How Data Flows Through Lakes

Published in

Ancestry Product & Technology

5 min readOct 3, 2022

Summary: This article is for data engineers who would like to gain a deeper understanding of how data is stored as it flows through a data lake.

As Ancestry has been building their Data Lake questions about how and where data should be stored. In addition to what and how many transformations we do between each phase. Thus we sought after best practices standards and strategies that we can adapt in order to iterate faster in the future.

For data engineers, an image similar to the one shown above with Bronze, Silver, and Gold quality levels might come to mind upon hearing the buzz-word “Data Lake.” Having experienced building a Data Lake, though, data does not flow from Bronze to Silver to Gold and then to clients as easy as that. Data will typically go from Bronze to Silver rather easily. However, there might then be many different transitions before it goes to consumers: Silver data to Gold, Gold to Gold, Gold mixed with Silver, and then back to Gold. This might seem like a given, but it is not always talked about.

Articles from Snowflake and dbt do address this, and it was their architecture and best practices that made it clear what was missing from typical Data Lake architecture. The most critical missing concept in common architecture is a Working Zone or a place to temporarily store data. This is because data transformations can’t always take place in a single step.

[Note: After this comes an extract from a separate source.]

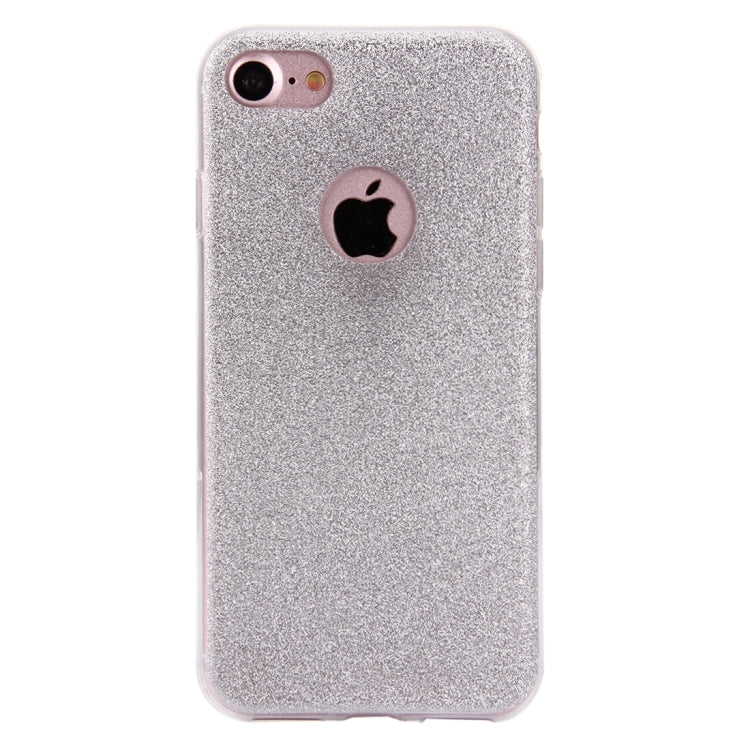For  iPhone 8 & 7  Glitter Powder Soft TPU Protective Cover Case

In addition, the terms Bronze, Silver, and Gold are intended to convey the quality level in each bucket. Those who have worked with Data Lakes will agree that those terms don’t accurately represent the data. Data that comes from the source system of record should already be high quality. They are the source of truth. All the Data Lake is doing is replicating what they are producing. Thus, going forward, Bronze will be referred to as Landed, Silver as Refined, and Gold as Processed.

Explanation of Zones

The core components of a Data Lake can be grouped into something called the Platform Data Zone which contains three areas: Landed, Refined, and Processed. Each of these zones could be database tables or BLOB storage such as S3. These are the central resources for storing data for long-term use.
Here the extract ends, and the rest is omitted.